Task description = The expected output is an exact copy of the lines from the one containing "Check Silk Camp Shirt" to the final line below, minus any pictures.

Provided material =
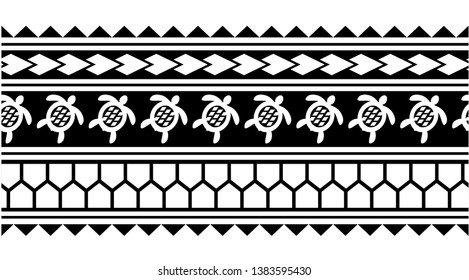 Polynesian tattoo design tribal border. Tribal design ethnic ornament maori band. Samoan Tattoo ribbon sleeve bracelet. Fabric seamless isolated hawaiian armband pattern on white background.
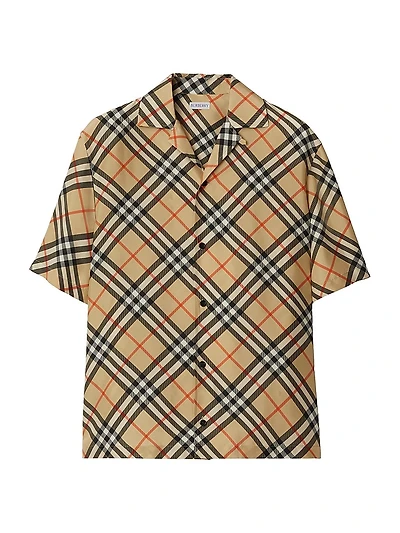 Check Silk Camp Shirt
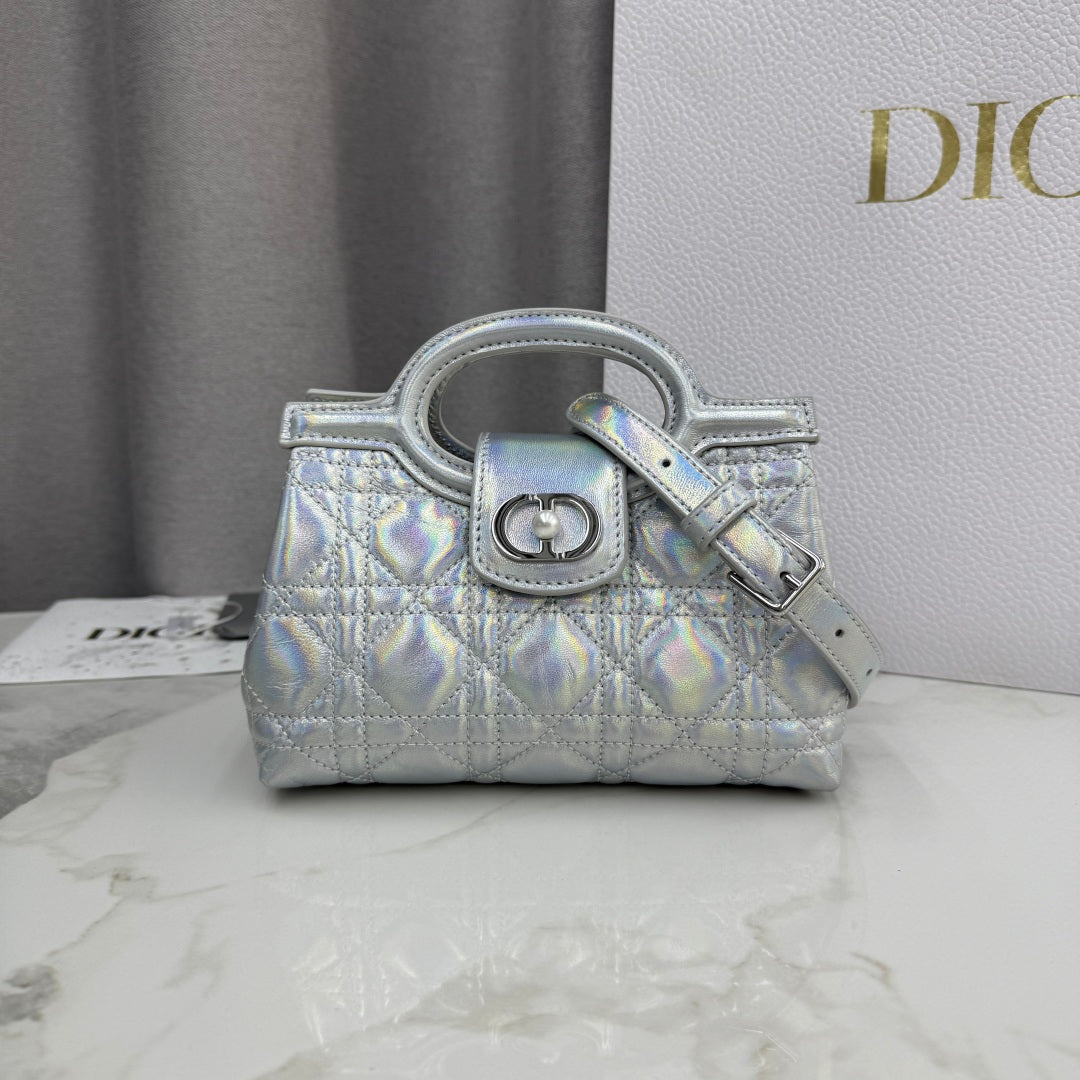 Dior 2026 Jolie Top Handle Mini Chain Handbag 18.5cm Grained Calfskin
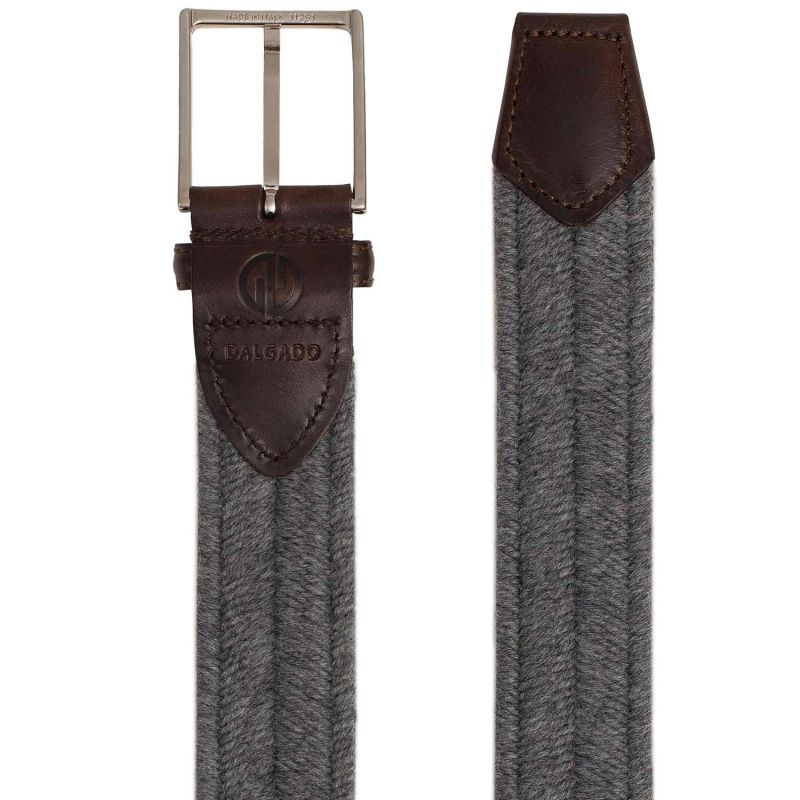 Elastic Braided Wool Belt Grey Giovanni image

Task output =
 Check Silk Camp Shirt
 Dior 2026 Jolie Top Handle Mini Chain Handbag 18.5cm Grained Calfskin
 Elastic Braided Wool Belt Grey Giovanni image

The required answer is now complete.